Desde esta perspectiva no dejan de ser preocupantes algunas de las manifestaciones que con innegable buena voluntad y no poca ingenuidad hace la sentencia cuando, tras exponer su conclusión, precisa que «ello no significa que la Comunidad Autónoma no pueda, en ejercicio de sus competencias sobre ordenación de espectáculos públicos, regular el desarrollo de las representaciones taurinas… ni tampoco que, en ejercicio de su competencia en materia de protección de animales, pueda establecer requisitos para el especial cuidado y atención del toro bravo».
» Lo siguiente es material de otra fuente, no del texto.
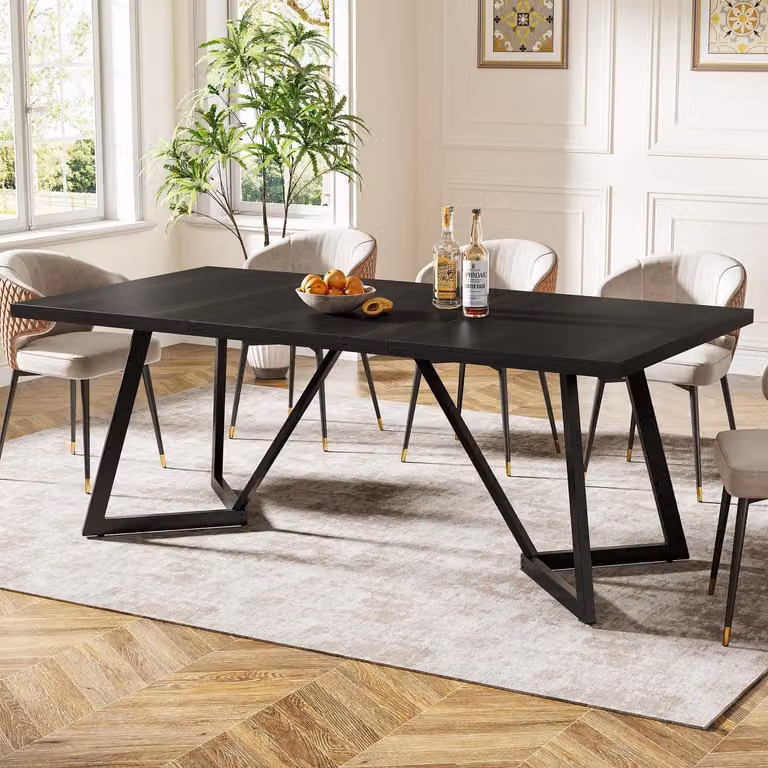 Tavolo da pranzo rettangolare, 180 cm, per 6-8 persone, con struttura in metallo nero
Para los cruzados, estos modestos caminos son, sin duda, auténticas autopistas por las que no dudarán en avanzar de nuevo, tanto más cuanto que la sentencia, al resolver el recurso por la vía competencial, dejó imprejuzgadas las cuestiones de fondo, planteadas por la Ley anulada, esto es, su posible colisión con determinadas libertades y derechos fundamentales, en particular la libertad artística y la libertad de expresión, y con otros derechos y principios rectores económicos y sociales, como la libertad de empresa, el derecho de acceso a la cultura y el principio de enriquecimiento del patrimonio cultural.
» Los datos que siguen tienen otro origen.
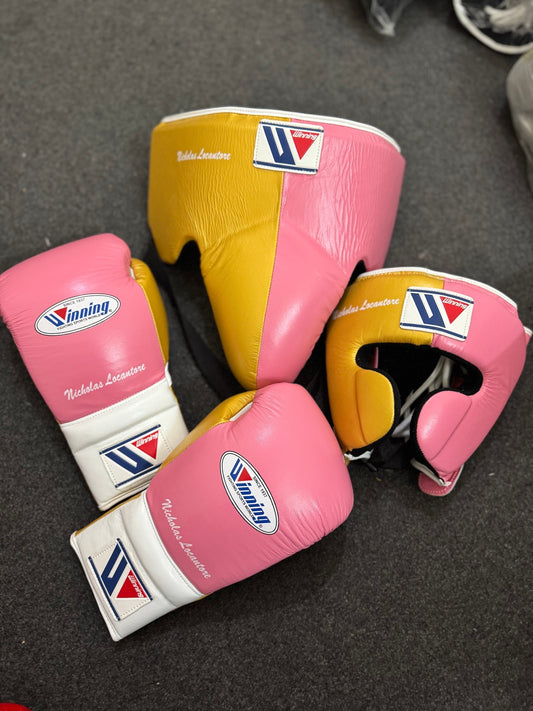 Winning Boxing Gloves Set Pink/White/Gold Boxing Training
Importa por ello recordar que la reciente Ley estatal 10/2015, de 26 de mayo, para la salvaguardia del Patrimonio Cultural Inmaterial, en el que se incluyen las «artes del espectáculo» y «los usos sociales, rituales y actos festivos» y, por lo tanto, también los festejos taurinos en general (vid. su disposición final sexta), obliga a todos los poderes públicos sin excepción a acomodar sus actuaciones a los principios generales que enuncia su artículo 3, entre los cuales figura «la sostenibilidad de las manifestaciones culturales inmateriales, evitándose las alteraciones cuantitativas y cualitativas de sus elementos culturales». Regular el desarrollo de los espectáculos taurinos sí, pero, ¡ojo!, sin desnaturalizarlos mediante alteraciones, cuantitativas o cualitativas, de cualquier tipo que sean.
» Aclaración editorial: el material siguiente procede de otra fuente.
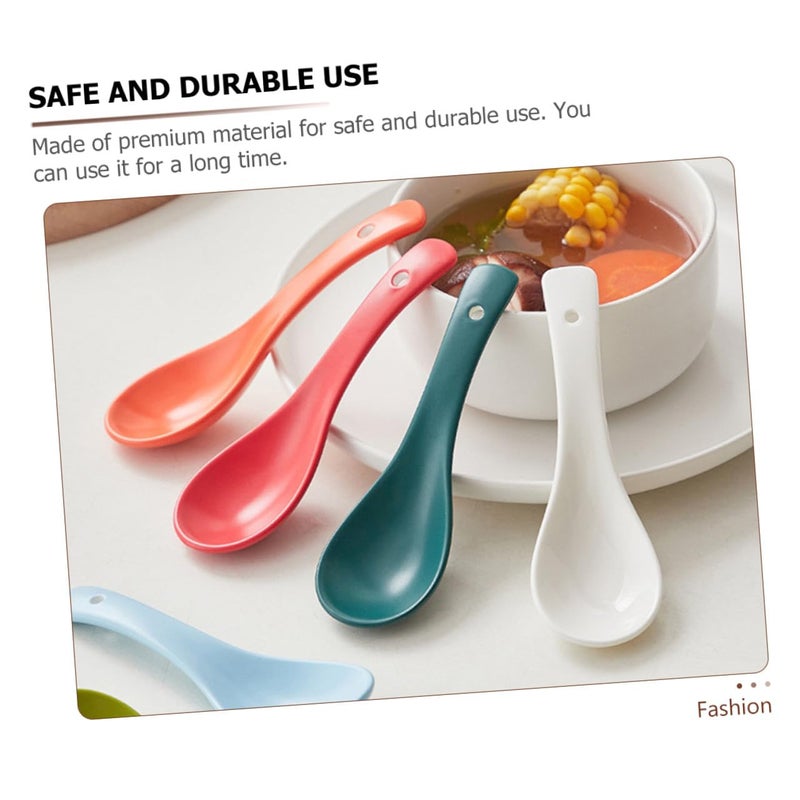 Ceramic Soup Spoons Set of 6 Lightweight Porcelain Spoons for Ramen Dessert Home Serving - Image 5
En esa misma línea cabe recordar también que la protección del patrimonio cultural inmaterial incluye «el respeto y conservación de los lugares, espacios, itinerarios y de los soportes materiales en que descansan los bienes inmateriales objeto de salvaguarda» y que los «espacios vinculados al desenvolvimiento de las manifestaciones culturales inmateriales», las plazas de toros en este caso, «podrán ser objeto de medidas de protección conforme a la legislación urbanística y de ordenación del territorio por parte de las Administraciones competentes» (artículo 4).

La historia continuará, sin duda, porque estos nuevos empecinados no cejarán en su empeño por una sentencia más o menos, ya que tienen demostrado que no están dispuestos a acatar ninguna que no les dé la razón, pero la próxima vez nos encontrarán, sin duda, mejor armados.

La política, cuando llega a estos extremos, es un espectáculo grotesco, pero así seguirá siendo mientras algunos de sus actores se crean héroes.

Artículo escrito por Tomás-Ramón Fernández, miembro de la Comisión Jurídica de la Fundación Toro de Lidia, para el diario El Mundo el 4 de noviembre de 2016.